History of the ATF: How the Bureau of Alcohol, Tobacco & Firearms Became Corrupt & Abusive

It’s unlikely that there is a single federal alphabet organization less popular among the readership of this website than the Bureau of Alcohol, Tobacco and Firearms. These are the people who gave us both the Siege at Ruby Ridge and the Siege of Waco. What’s more, they may well be engaged in an entirely unconstitutional exercise: monitoring and patrolling the gun ownership of law-abiding citizens.

There’s also a solid case to be made that the ATF is a rogue organization, the most corrupt of the federal alphabet agencies. This can be seen through a number of scandals beginning with Ruby Ridge, threading through the siege at Mount Carmel in Waco, and continuing to the notorious “Fast and Furious” scandal.

While firearms owners, weapons enthusiasts and Second Amendment advocates might have a special bone to pick with the ATF, we believe that all freedom-loving Americans should be concerned about the overreach, lawlessness and lack of accountability in this organization.
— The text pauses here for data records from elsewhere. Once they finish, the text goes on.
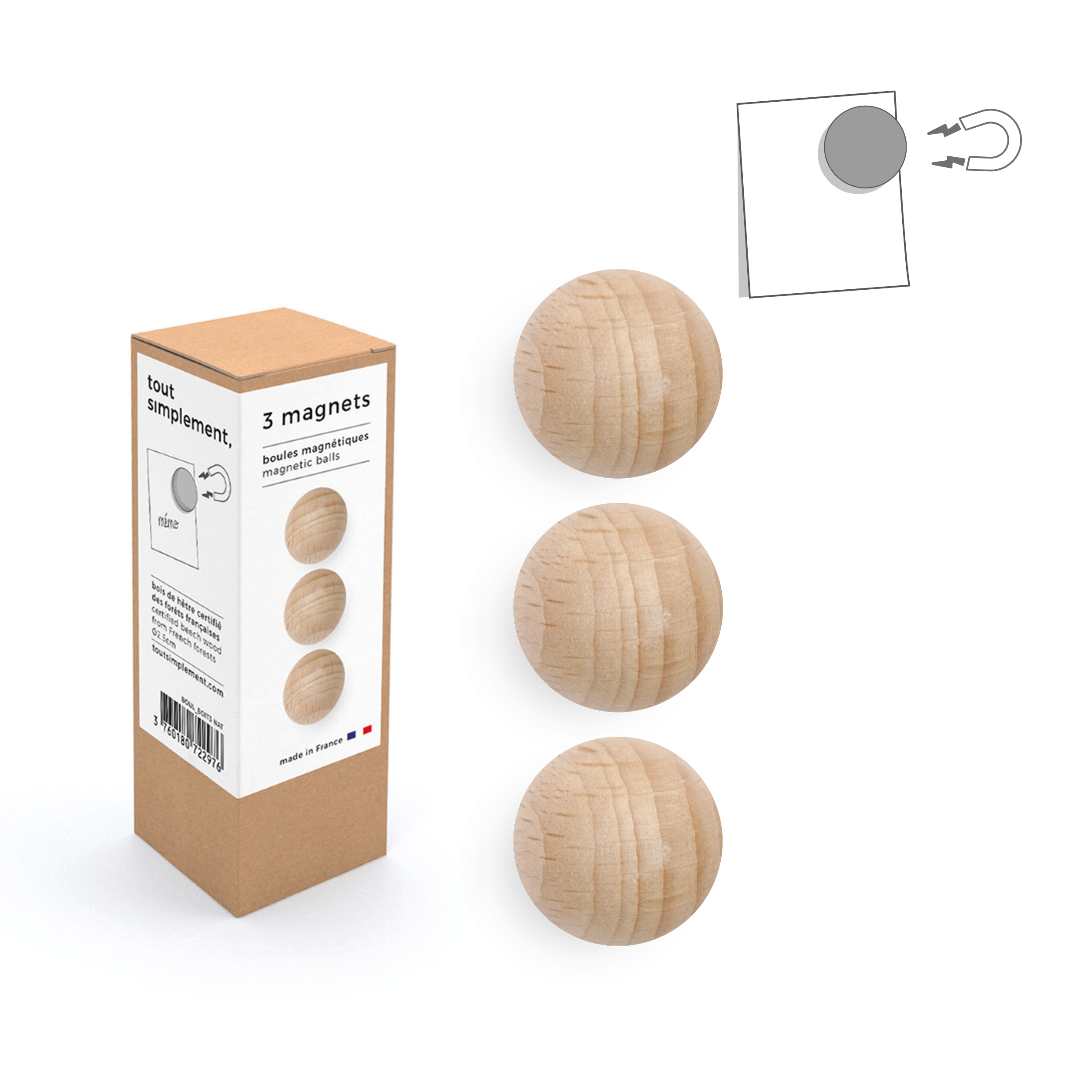 Magnets - Lot de 3 boules en bois - L'INATELIER Design & Artisanat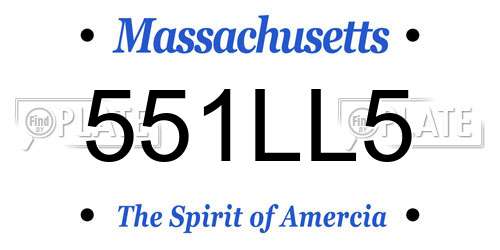 551LL5 Massachusetts License Plate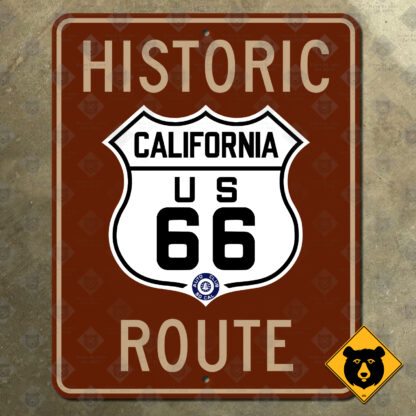 California Historic US Route 66 highway sign (ACSC blue seal shield)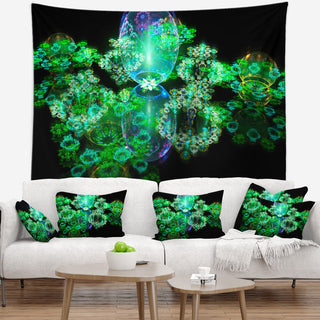 Green Water Drops on Mirror Abstract Wall Tapestry, 60"x50"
Roman poet Juvenal once posed an important (and famous) question about powerful justice officers: “Quis custodiet ipsos custodies?” – Who is to guard the guardians?

All told, there are over 20,000 firearms laws and regulations on the books at the state and federal level. Many of these contradict each other or are written with a lot of room for interpretation. Gun owners and gun dealers are easy prey for a corrupt and lawless federal agency that wants to twist its arms outside the bounds of the law.

It’s also worth considering what overreach and lack of accountability other federal organizations are responsible for that we don’t know about, simply because they do not have the same spotlight on them as the ATF – a reminder that the scandals mentioned above are just the ones that we know about.

We recommend reading this article in concert with our other articles on the ATF: Waco, Ruby Ridge and Fast and Furious. Each of these contains familiar tropes with regard to the ATF: Entrapment, “lost” evidence, a total lack of accountability, aggressive policing tactics where discretion would probably have saved lives, and a vengeful manner of doing business.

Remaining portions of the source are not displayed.